---------- Listed entries
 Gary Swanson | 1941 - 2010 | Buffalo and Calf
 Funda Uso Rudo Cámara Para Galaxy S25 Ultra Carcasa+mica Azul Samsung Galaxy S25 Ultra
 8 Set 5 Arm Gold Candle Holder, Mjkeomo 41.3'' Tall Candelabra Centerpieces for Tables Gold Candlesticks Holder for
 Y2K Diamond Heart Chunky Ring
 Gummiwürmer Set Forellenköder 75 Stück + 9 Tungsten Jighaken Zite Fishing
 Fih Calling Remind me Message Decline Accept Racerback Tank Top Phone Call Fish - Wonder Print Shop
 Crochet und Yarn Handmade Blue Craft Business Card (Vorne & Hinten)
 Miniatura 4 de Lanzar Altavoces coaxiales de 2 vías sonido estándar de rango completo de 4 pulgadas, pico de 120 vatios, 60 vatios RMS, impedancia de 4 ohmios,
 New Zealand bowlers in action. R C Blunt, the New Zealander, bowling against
--------------------
---------- Listed entries
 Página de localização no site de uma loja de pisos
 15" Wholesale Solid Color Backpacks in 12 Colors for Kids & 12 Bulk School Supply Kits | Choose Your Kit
--------------------
---------- Listed entries
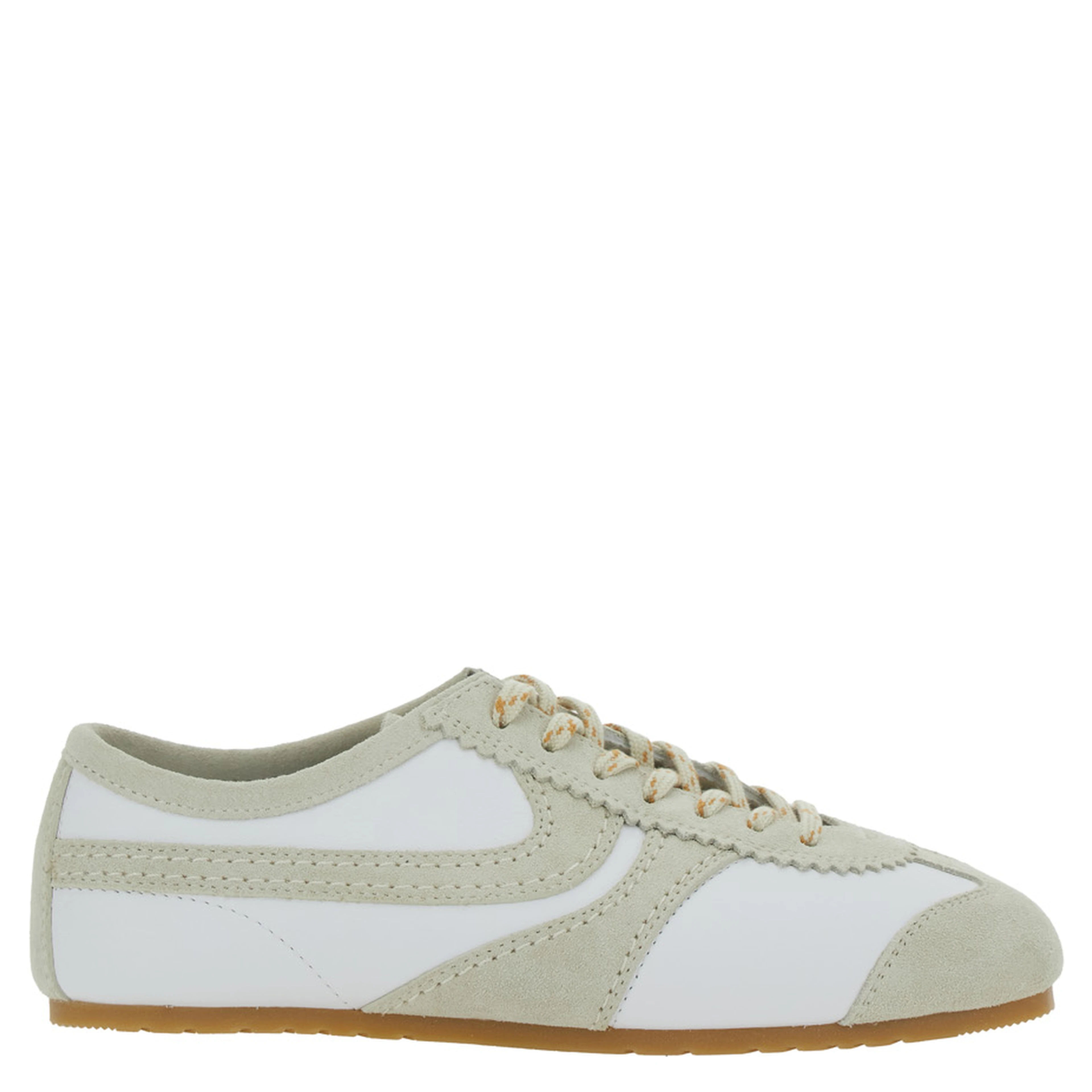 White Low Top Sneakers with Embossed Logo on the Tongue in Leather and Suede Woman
--------------------
• **What to work on**
Of all the entries above, output exactly the lines between the one holding "8 Set 5 Arm" and the one holding "New Zealand bowlers", inclusive.

• **Task answer**
 8 Set 5 Arm Gold Candle Holder, Mjkeomo 41.3'' Tall Candelabra Centerpieces for Tables Gold Candlesticks Holder for
 Y2K Diamond Heart Chunky Ring
 Gummiwürmer Set Forellenköder 75 Stück + 9 Tungsten Jighaken Zite Fishing
 Fih Calling Remind me Message Decline Accept Racerback Tank Top Phone Call Fish - Wonder Print Shop
 Crochet und Yarn Handmade Blue Craft Business Card (Vorne & Hinten)
 Miniatura 4 de Lanzar Altavoces coaxiales de 2 vías sonido estándar de rango completo de 4 pulgadas, pico de 120 vatios, 60 vatios RMS, impedancia de 4 ohmios,
 New Zealand bowlers in action. R C Blunt, the New Zealander, bowling against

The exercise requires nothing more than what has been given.